Peering into Pores

DNA origami in nuclear pore complexes

Origami is a delicate art that creates elaborate structures from folding a simple sheet of paper. However, it is more than just an art; origami is also a technological method for modern biological research. The most complex parts of a cell may be recreated and studied from the simple folding of a single stranded DNA into desired shapes.

The highly compartmentalized organization of the cell allows for its proper function. Its complex structure dictates the movements within a cell and requires multiple moving parts to work correctly. Patrick Lusk, Yale associate professor of cell biology and ChenXiang Lin, Yale assistant professor of cell biology, used this DNA origami technology to better understand nuclear pore complexes and the basis for molecular communication that occurs between the nucleus and rest of the cell.

Nuclear pore complexes are large protein structures that are assembled into the nuclear membranes to help form the selective barrier that separates the nucleus from the rest of the cell. Acting as a gatekeeper, these proteins regulate which molecules enter and exit the nucleus. An incredible amount of material is exchanged at this surface in order for a cell to function properly, and so it is essential for these protein complexes to efficiently dictate what is allowed to pass through the nuclear membrane. Researchers have found that the selectivity of this barrier is determined by the presence of certain FG peptidess, named such because of the repeating phenylalanine (F) and glycine (G) amino acids and also referred to as FG-NUPS. But how the FG-NUPS physically gate the nuclear pore complex remains unknown as traditional microscopy methods are unable to visualize the movement and dynamics of the FG-NUPS in living cells

Melding nanotechnology and cell biology, Lusk and Lin engineered scaffolds using DNA origami to mimic the dimensions of the nuclear pore complex. Using this technique, the scientists built an artificial nuclear pore complex to fill with FG-NUPS in order to study their properties. This test-tube model allowed for them to recreate the structure of the nuclear pore complex on a nano-scale. With the help of colleagues at University College London, the researches visualized the movement of FG-NUPS for the first time and provided new insight in their role as molecular gatekeepers.
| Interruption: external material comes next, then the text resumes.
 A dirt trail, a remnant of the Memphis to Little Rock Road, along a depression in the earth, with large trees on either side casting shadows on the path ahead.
“If you really want to understand how something works, you have to build something up yourself,” said Lusk. By recreating this nuclear pore complex filled with specific FG-NUPS, the scientists were able to better understand the cell transport that occurs across the nuclear membrane. Creating a model and witnessing the movement of FG-NUPS within this complex showed the researchers how the nuclear complex simultaneously accepts huge proteins and blocks smaller ones from entering the nucleus.

DNA origami has not always been used to address biological questions. Lin hopes that this study of nuclear pore complexes will demonstrate the utility of DNA origami in biological research. “DNA nanotechnology is a powerful solution, but [it is] looking for problems [to solve],” said Lin. By coupling nanotechnology and cell biology, researchers can begin to address the unanswered questions of the complex workings of the cell.
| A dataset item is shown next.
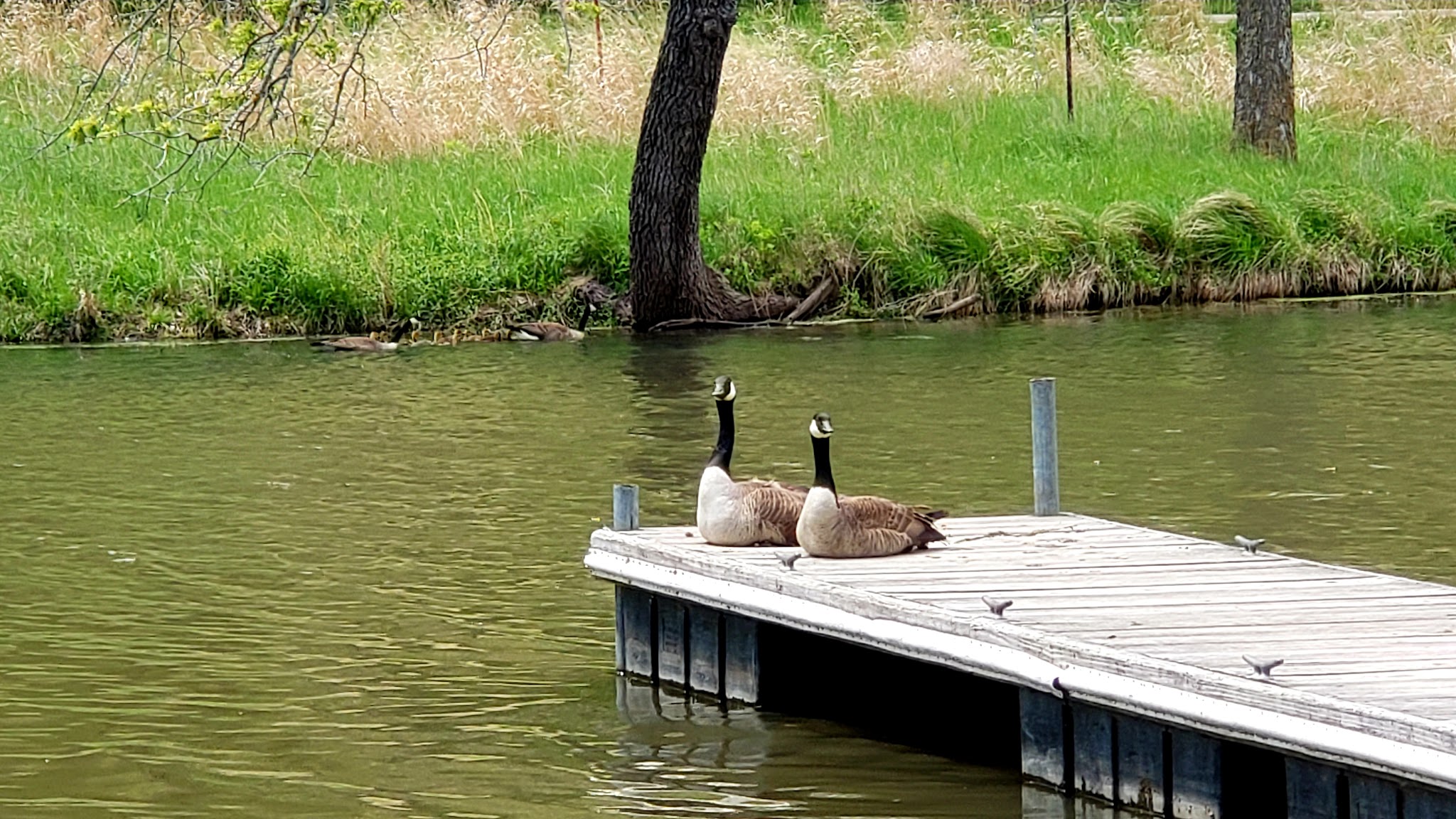 Lake Keomah State Park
Having built these DNA origami nuclear pore complex mimics, the team hopes to then incorporate this synthetic complex into a real membrane to see how the transport of different sized proteins actually occurs within a cell. Understanding how FG-NUPS are sorted within the nuclear pore complex allows for one to establish a set of rules for its organization and a systematic approach for determining the selective function of a nuclear pore complex. With this fundamental understanding, scientists can begin to build a synthetic cell. Knowing the exact structures and function of FG-NUPS within nuclear pore complexes can then allow one to recreate its selectivity in a different setting.
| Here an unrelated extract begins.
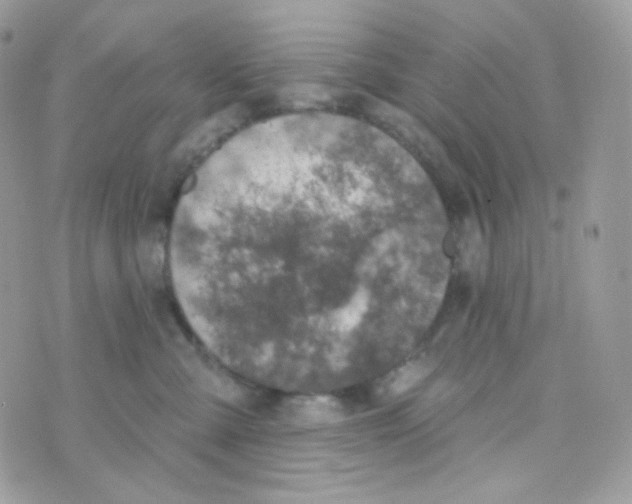 X0000074960427200609291917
DNA origami is a powerful tool with vast potential within cell biology. By replicating complex aspects of a cell, scientists can obtain a better understanding of each individual function within a cell and incorporate their knowledge into making a fully functional synthetic cell. As the most basic unit of a living organism, cells hold incredible importance in an organism’s existence. With the first successfully synthesized cell, life at its most basic stage can then be placed in the hands of modern scientists.